Move over, Deadpool: Luke Macfarlane wouldn’t mind playing a gay, caped crusader
By Nelson Branco
It’s Pride month—and London, Ont., native Luke Macfarlane is proud of himself for managing to be out as an actor in Hollywood and still manage to work steadily for almost a decade. Coming out in an interview with The Globe and Mail in 2008, Macfarlane wasn’t sure at the time of how news of his sexuality would impact his career—especially during that recession-plagued era.
The Lester B. Pearson School for the Arts and Julliard graduate said at the time, “I don’t know what will happen professionally.… That is the fear, but I guess I can’t really be concerned about what will happen because it’s my truth. There is this desire in L.A. to wonder who you are, and what’s been blaring for me for the last three years is how can I be most authentic to myself.”

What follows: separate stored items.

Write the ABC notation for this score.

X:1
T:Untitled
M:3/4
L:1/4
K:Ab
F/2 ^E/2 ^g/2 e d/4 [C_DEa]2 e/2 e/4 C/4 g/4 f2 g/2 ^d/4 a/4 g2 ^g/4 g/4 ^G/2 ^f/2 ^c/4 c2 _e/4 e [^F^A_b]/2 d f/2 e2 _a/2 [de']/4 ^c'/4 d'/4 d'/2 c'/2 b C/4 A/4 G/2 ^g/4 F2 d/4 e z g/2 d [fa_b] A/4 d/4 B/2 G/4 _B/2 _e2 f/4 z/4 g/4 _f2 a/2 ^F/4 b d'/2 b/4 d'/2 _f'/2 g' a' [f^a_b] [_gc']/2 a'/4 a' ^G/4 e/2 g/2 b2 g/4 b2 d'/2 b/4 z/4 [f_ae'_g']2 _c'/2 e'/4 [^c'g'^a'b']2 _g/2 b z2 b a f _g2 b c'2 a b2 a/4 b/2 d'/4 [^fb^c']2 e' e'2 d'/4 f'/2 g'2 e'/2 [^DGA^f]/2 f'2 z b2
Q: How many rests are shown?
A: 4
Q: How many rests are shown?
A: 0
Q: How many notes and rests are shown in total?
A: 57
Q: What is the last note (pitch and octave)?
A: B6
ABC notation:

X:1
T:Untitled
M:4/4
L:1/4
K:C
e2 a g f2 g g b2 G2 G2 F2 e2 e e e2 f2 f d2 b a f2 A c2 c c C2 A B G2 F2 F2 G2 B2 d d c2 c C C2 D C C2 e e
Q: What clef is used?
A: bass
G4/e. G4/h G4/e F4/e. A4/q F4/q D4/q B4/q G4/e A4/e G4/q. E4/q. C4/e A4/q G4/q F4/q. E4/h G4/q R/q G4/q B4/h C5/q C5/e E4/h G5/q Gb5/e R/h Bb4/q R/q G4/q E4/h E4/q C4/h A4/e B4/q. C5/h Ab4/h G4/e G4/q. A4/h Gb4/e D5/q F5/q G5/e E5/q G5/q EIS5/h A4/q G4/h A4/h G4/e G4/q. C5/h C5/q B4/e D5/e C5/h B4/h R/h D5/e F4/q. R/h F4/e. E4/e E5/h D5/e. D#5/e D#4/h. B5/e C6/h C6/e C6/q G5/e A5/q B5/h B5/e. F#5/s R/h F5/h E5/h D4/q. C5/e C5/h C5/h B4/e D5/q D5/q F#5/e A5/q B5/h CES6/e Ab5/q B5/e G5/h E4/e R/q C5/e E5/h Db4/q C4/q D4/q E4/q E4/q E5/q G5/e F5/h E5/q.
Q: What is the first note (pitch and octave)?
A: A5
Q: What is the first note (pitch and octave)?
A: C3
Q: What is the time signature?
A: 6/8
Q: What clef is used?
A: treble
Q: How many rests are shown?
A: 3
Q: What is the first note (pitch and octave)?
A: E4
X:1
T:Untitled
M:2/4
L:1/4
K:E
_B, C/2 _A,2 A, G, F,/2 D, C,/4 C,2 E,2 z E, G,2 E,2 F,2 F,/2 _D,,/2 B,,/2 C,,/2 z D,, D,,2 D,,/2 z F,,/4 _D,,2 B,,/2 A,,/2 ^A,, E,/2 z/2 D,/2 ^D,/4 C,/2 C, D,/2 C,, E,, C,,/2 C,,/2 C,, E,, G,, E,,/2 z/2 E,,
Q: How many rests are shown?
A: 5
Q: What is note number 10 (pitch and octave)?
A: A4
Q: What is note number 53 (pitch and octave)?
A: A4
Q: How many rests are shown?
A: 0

Macfarlane first caught critics’ attention with his performance in FX’s gritty US army series Over There, which was produced by NYPD Blue/L.A. Law showrunner Steven Bochco and focused on the first tour in Iraq. Then came what was arguably his breakout role in ABC’s drama Brothers & Sisters, where he played popular Scotty Wandell, husband to Kevin Walker (played by Matthew Rhys). Since then, the former singer and songwriter has worked on Canadian series Satisfaction as well as NBC’s The Night Shift and PBS’s Mercy Street.
Today, he’s sporting armour as D’avin Jaqobis on Space’s sci-fi fantasy series Killjoys, which returns for a third season on June 30 at 8 pm. Killjoys is described as a “fast-paced space adventure about a trio of hard-living, party-loving bounty hunters working for the R.A.C. (Recovery and Apprehension Coalition).”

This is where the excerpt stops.